1.5. Validating the location information
A key part of this project was the validation of the locations identified using the GridKey system – this was done using different technologies or as a result of an actual repair.
There were 5 instances where fuse operations followed a number of pecking events on a feeder and multiple instances of the pecking events, and the local crews located and repaired the cable. Eliminating the cases where the transient event corresponding to the fuse operation itself was analysed, the agreement between the predicted and actual fault location was generally good and in general terms did reduce the time spent checking up and down the relevant feeder, the results being consistently within tens of metres.
1.6. TDR Verification Equipment
Validation with other industry tools was challenging and required experience to interpret and use. The Time Distance Reflectometry (TDR) systems when used correctly are able to provide extremely accurate fault location. Typically, each TDR unit only monitors a single three phase feeder whereas the GridKey system was monitoring up to 6 feeders simultaneously. There was also a marked contrast between the simplicity of a GridKey system providing a distance and associated uncertainty and the TDR system that required a degree of skill and understanding to both locate the installed equipment correctly and also to interpret the results.
However, there was generally good agreement obtained in those instances where the TDR equipment was successfully deployed.
1.6.1. Ozone detection
Using a CableSniffer to detect the ozone generated when there was a pre-fault pecking event was not successful. There were a number of reasons for this:
· Feedback from field crews was that even when there has been a fuse operation, the amount of ozone released is quite small
· Lack of a good process to get location information to field crews fast enough before the gases from the arcing had dissipated.

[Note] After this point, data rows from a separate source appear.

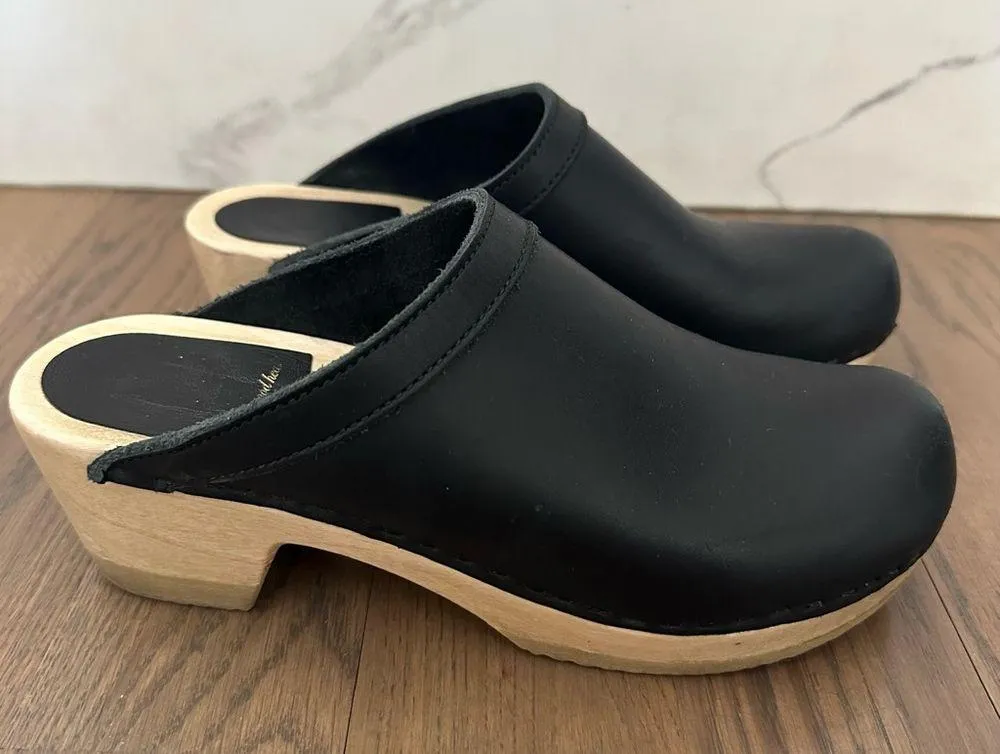 No.6 Old School Clog Mule on Mid Heel Wood Sole in Black Leather Size 39 - Image 8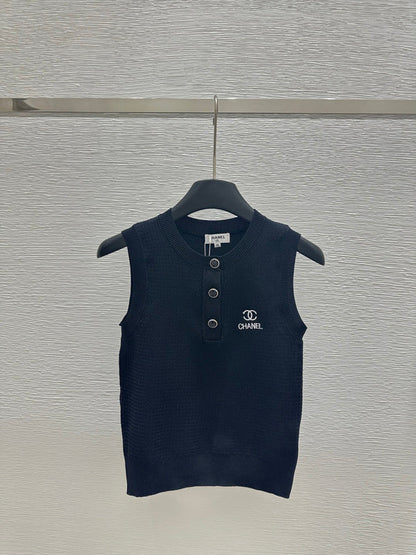 CHC50   Women's crew-neck button-up embroidered knitted vest clother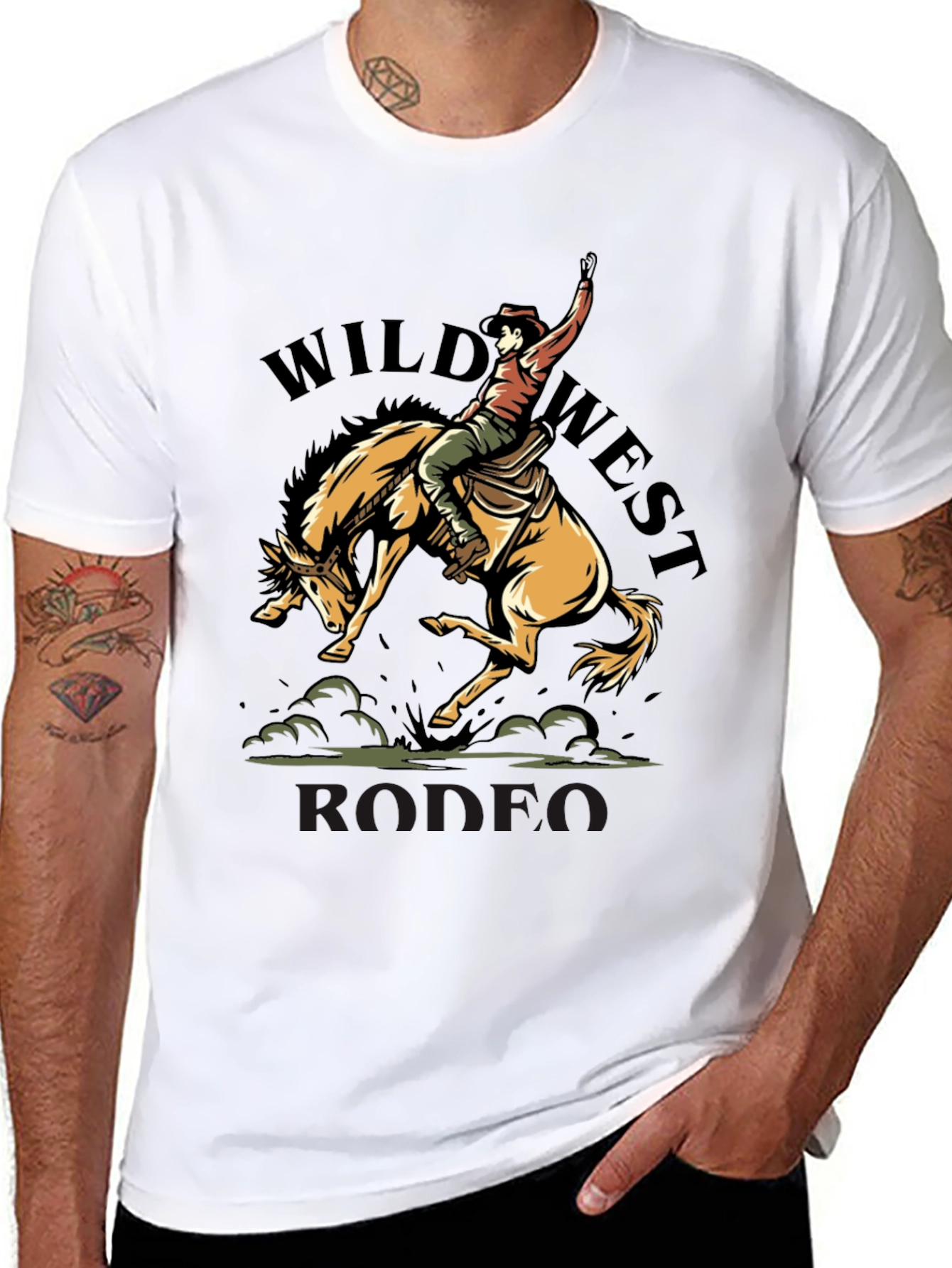 Wild West Rodeo Graphic T-Shirt - Black Cotton Tee
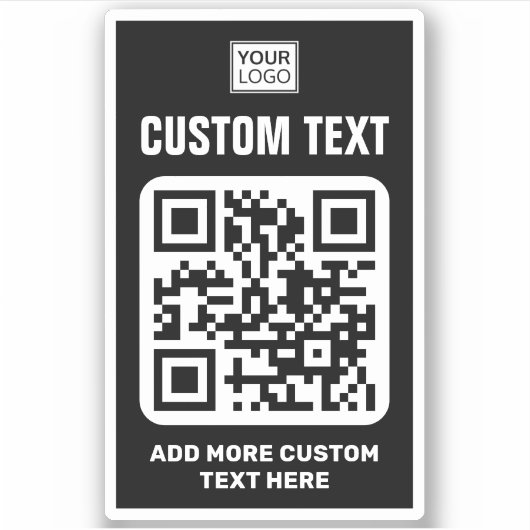 カスタムロゴ、QRコードおよび文字白黒 シール (正面)
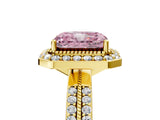Yellow gold Fancy Pink Radiant Cut Diamond Double Halo Ring with Split Shank and Four-Prong Setting_5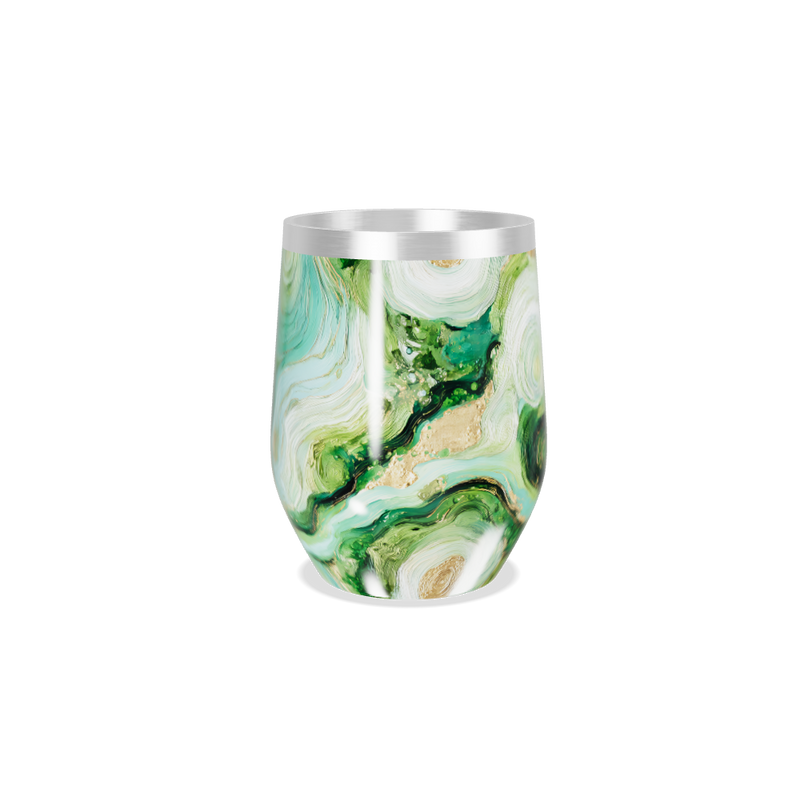 Copo Térmico Slim - Verde Mármore Aço Inox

1.7. Making use of the location information
The true value of a fault location system is in connecting with maintenance and repair crews, either to enable proactive maintenance before a permanent fault occurs, or to speed the process of restoration after a fuse operation, embedding this process into Business as Usual (BAU).
1.7.1. Presentation of information
Engagement with the National Grid Electricity Distribution (NGED) team helped to change the representation of the statistics of fault location from a simple histogram based on frequency, to a smooth bell curve, to make the uncertainty of the distance calculations clearer. This bell curve presentation method also enabled potential multiple faults on the same feeder/phase to be shown more clearly.
The local teams use tablet computers to view their network maps. Ideally, there would be further development of the mapping system to enable the distance to fault system to highlight predicted fault locations directly on these maps, including where there are multiple possible locations because of branches or links, reducing the time to positively identify the locations of the potential sites to investigate.
1.7.2. Alerting the local field teams
A method of alerting local teams when a significant event occurs could be implemented to help in further identifying locations quickly using other techniques such as using a Sniffer, as there is a very small window of time after an arc when this is an effective method of fault detection This would enable higher probability of successful preventative maintenance prior to a permanent fault occurring. This would require BAU engagement to integrate with the existing work order management practices and systems that are in use.